The personal data of 4 million applicants for internships at a non-profit organization was exposed in a breach.
The data included the applicants’ names, email addresses, gender, and personal essays and was exposed via a misconfigured database called Elasticsearch on the website of AIESEC, a “youth-run” non-governmental organization with over 100,000- members worldwide. The data leak was initially found by Bob Diachenko of SecurityDiscovery.com on Shodan, an IoT-centric search engine.

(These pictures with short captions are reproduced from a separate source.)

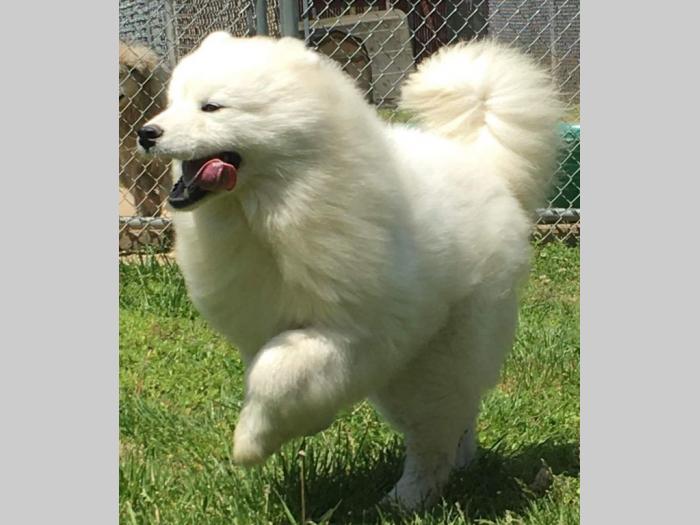 samojed štene besplatni mali oglasi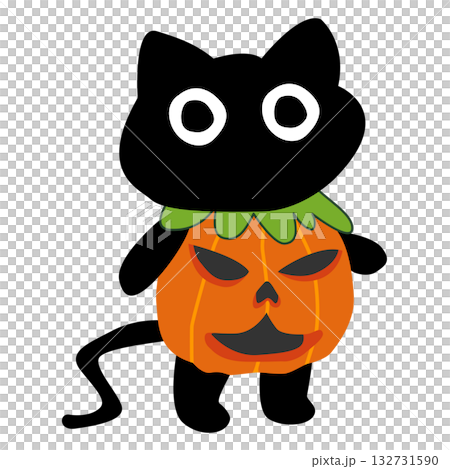 A cartoon black cat wearing a pumpkin costume. 132731590
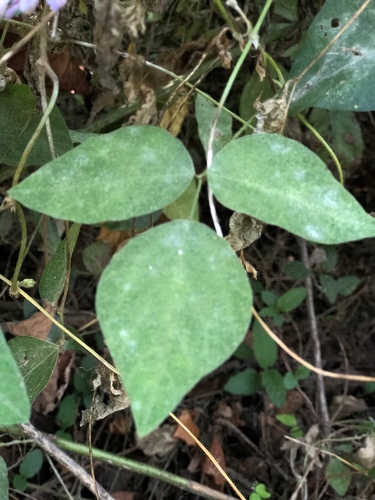 Amphicarpaea bracteata (American hog-peanut)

“This raises the question of how charities and non-profits with limited resources can afford to safely manage millions of sensitive files,” wrote Diachenko in a blog detailing his findings.
AIESEC confirmed the data leak:
“We take the security of our customers information extremely seriously. After looking into this matter, we immediately secured the vulnerability, disabling unauthorized access to the cluster. The data was cached on the node for testing purposes and mistakenly left unsecured. We can confirm that the server now contains no sensitive information.”
This isn’t the first time a misconfiguration of Elasticsearch has led to a major leak online. In November 2018, Diachenko also found roughly 57 million records of American citizens from one unsecured instance apparently belonging to a Canadian data firm. The Brazilian government and a fitness company experienced similar leaks in late 2018 as well.
Elasticsearch was originally created specifically for private networks that were not connected to the Internet and until fairly recently didn’t feature many basic security features. As search engines like Shodan become more popular, it’s likely that similar large-scale security leaks will be discovered.